Extracted records

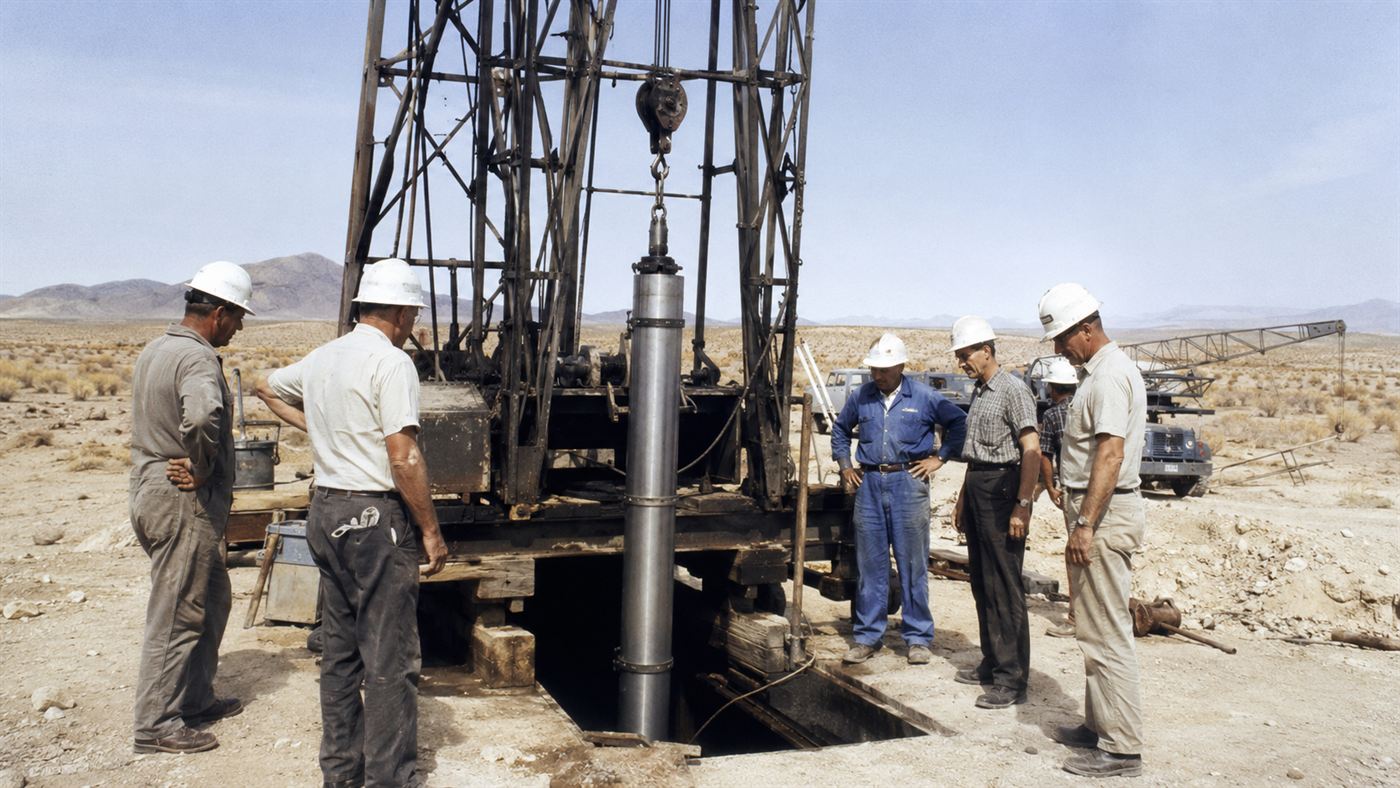 A 1960s deep borehole rig lowering a long cylindrical nuclear device down a shaft for an underground Plowshare test
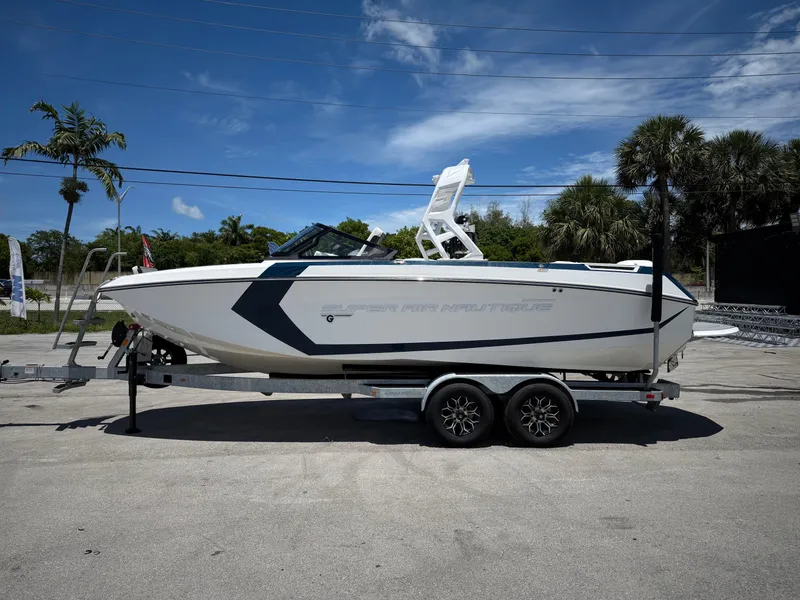 Slide: The Image of 2020 Nautique Super Air Nautique G23 boat on trailer, parked outdoors. - 17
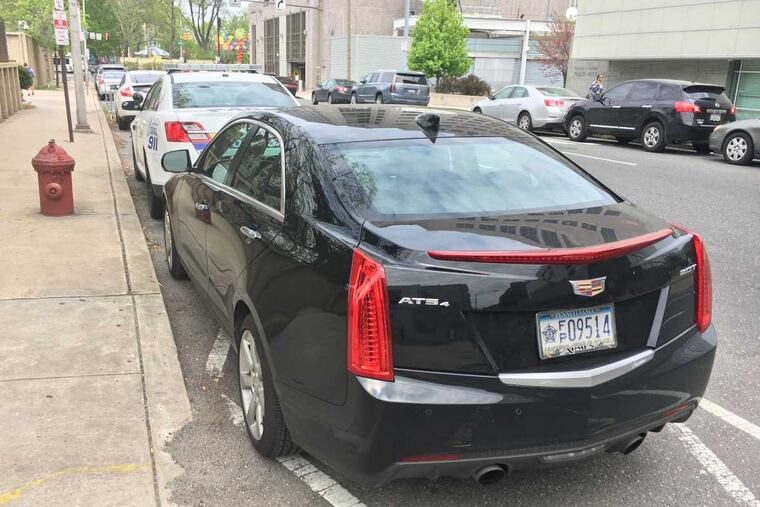 This vehicle with FOP plates hits the trifecta: It's parked in a no stopping zone, it is too close to the fire hydrant and is blocking the parking lot exit.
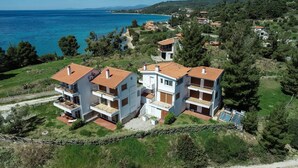 Un edificio residenziale a più piani con balconi, situato vicino alla costa e con vista sul mare.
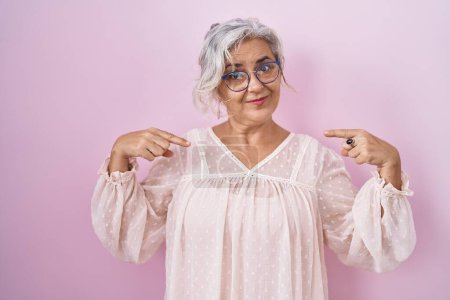 Foto de Middle age woman with grey hair standing over pink background looking confident with smile on face, pointing oneself with fingers proud and happy. - Imagen libre de derechos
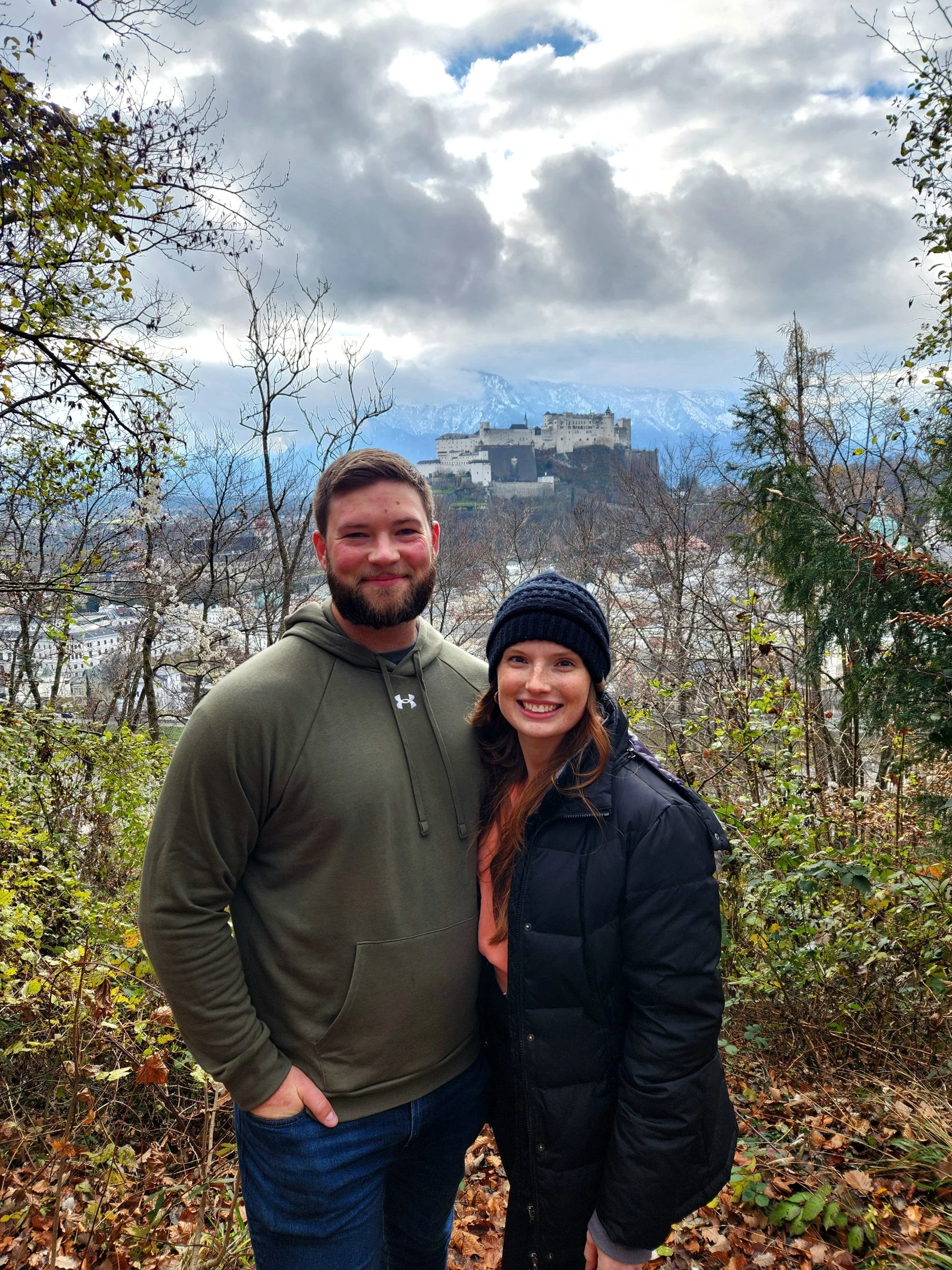 Nick and Brooke hiking Kapuzinerberg with views over Salzburg and Hohensalzburg Fortress in the background.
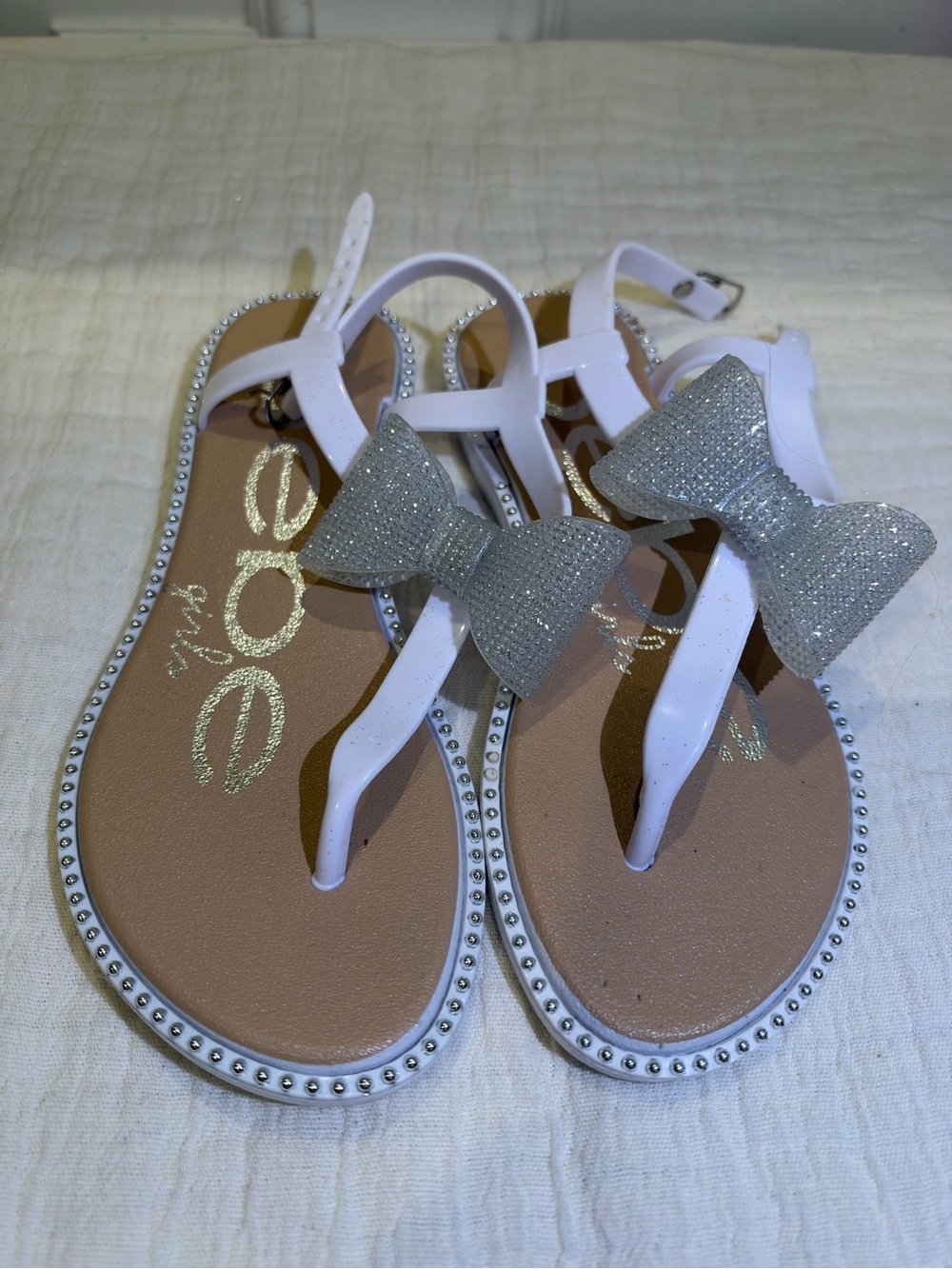 BEBE GIRLS- White Girls' T-Strap Sandals with Silver Glitter Bow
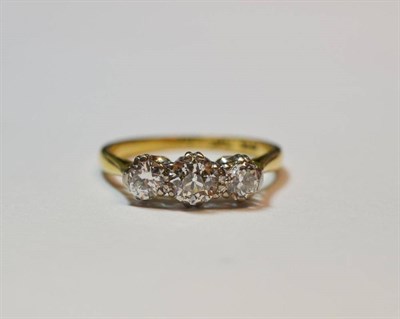 Lot 599 - A Diamond Three Stone Ring, the graduated old cut diamonds in white claw settings to a yellow...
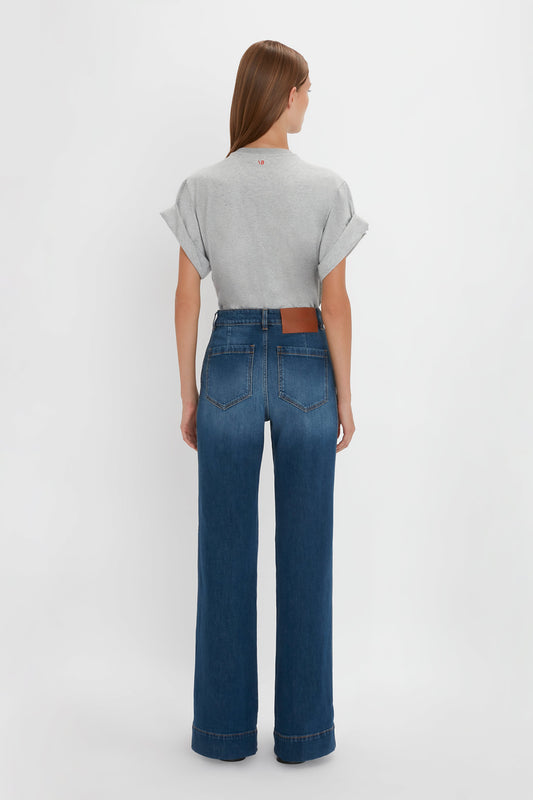 A woman stands with her back to the camera, wearing a Victoria Beckham asymmetric relaxed fit t-shirt in grey marl made of organic cotton and blue high-waisted jeans with a brown belt.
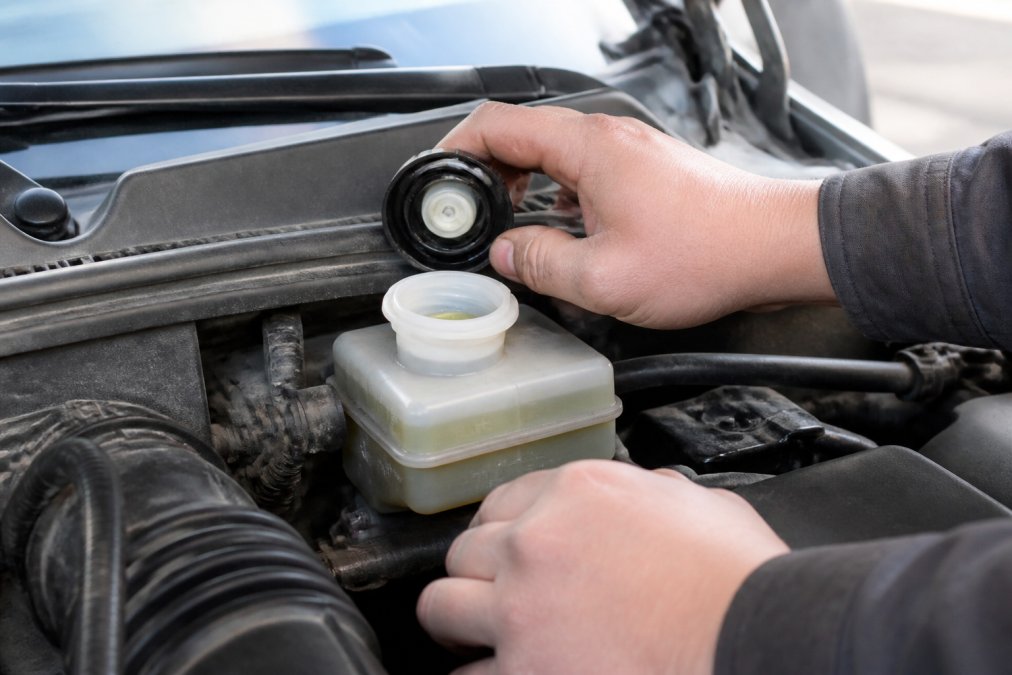 Mechanic checking a brake fluid reservoir to identify low brake fluid signs via visible level markings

WHAT YOU NEED TO DO
The records above are to be repeated exactly, apart from their pictures.

RESPONSE TO THIS TASK
 A 1960s deep borehole rig lowering a long cylindrical nuclear device down a shaft for an underground Plowshare test
 Slide: The Image of 2020 Nautique Super Air Nautique G23 boat on trailer, parked outdoors. - 17
 This vehicle with FOP plates hits the trifecta: It's parked in a no stopping zone, it is too close to the fire hydrant and is blocking the parking lot exit.
 Un edificio residenziale a più piani con balconi, situato vicino alla costa e con vista sul mare.
 Foto de Middle age woman with grey hair standing over pink background looking confident with smile on face, pointing oneself with fingers proud and happy. - Imagen libre de derechos
 Nick and Brooke hiking Kapuzinerberg with views over Salzburg and Hohensalzburg Fortress in the background.
 BEBE GIRLS- White Girls' T-Strap Sandals with Silver Glitter Bow
 Lot 599 - A Diamond Three Stone Ring, the graduated old cut diamonds in white claw settings to a yellow...
 A woman stands with her back to the camera, wearing a Victoria Beckham asymmetric relaxed fit t-shirt in grey marl made of organic cotton and blue high-waisted jeans with a brown belt.
 Mechanic checking a brake fluid reservoir to identify low brake fluid signs via visible level markings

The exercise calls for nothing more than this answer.